>>

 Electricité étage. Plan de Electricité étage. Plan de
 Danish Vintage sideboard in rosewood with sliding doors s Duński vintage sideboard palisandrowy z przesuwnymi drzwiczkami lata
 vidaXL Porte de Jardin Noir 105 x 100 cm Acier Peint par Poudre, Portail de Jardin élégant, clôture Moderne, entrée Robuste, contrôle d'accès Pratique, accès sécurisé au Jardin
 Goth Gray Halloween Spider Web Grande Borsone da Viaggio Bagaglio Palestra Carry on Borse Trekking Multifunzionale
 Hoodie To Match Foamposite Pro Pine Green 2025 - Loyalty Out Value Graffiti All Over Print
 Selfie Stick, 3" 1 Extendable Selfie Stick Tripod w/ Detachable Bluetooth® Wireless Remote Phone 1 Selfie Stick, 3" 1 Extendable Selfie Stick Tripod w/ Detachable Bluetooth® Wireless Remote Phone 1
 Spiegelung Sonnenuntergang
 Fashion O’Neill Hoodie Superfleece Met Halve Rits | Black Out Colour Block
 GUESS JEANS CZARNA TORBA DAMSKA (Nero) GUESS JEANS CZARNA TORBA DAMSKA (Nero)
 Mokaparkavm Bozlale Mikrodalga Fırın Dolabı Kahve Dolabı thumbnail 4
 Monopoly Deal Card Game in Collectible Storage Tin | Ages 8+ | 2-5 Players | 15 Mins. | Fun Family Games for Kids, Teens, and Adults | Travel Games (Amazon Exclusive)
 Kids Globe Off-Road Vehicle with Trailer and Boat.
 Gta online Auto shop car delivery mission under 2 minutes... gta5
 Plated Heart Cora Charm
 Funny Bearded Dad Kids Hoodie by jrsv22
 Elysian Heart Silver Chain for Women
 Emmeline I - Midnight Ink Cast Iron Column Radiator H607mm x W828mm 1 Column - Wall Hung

<<

The answer is the run of lines above from the line containing "Phone 1 Selfie" through the line containing "Mokaparkavm Bozlale Mikrodalga", copied exactly and alone.

 Selfie Stick, 3" 1 Extendable Selfie Stick Tripod w/ Detachable Bluetooth® Wireless Remote Phone 1 Selfie Stick, 3" 1 Extendable Selfie Stick Tripod w/ Detachable Bluetooth® Wireless Remote Phone 1
 Spiegelung Sonnenuntergang
 Fashion O’Neill Hoodie Superfleece Met Halve Rits | Black Out Colour Block
 GUESS JEANS CZARNA TORBA DAMSKA (Nero) GUESS JEANS CZARNA TORBA DAMSKA (Nero)
 Mokaparkavm Bozlale Mikrodalga Fırın Dolabı Kahve Dolabı thumbnail 4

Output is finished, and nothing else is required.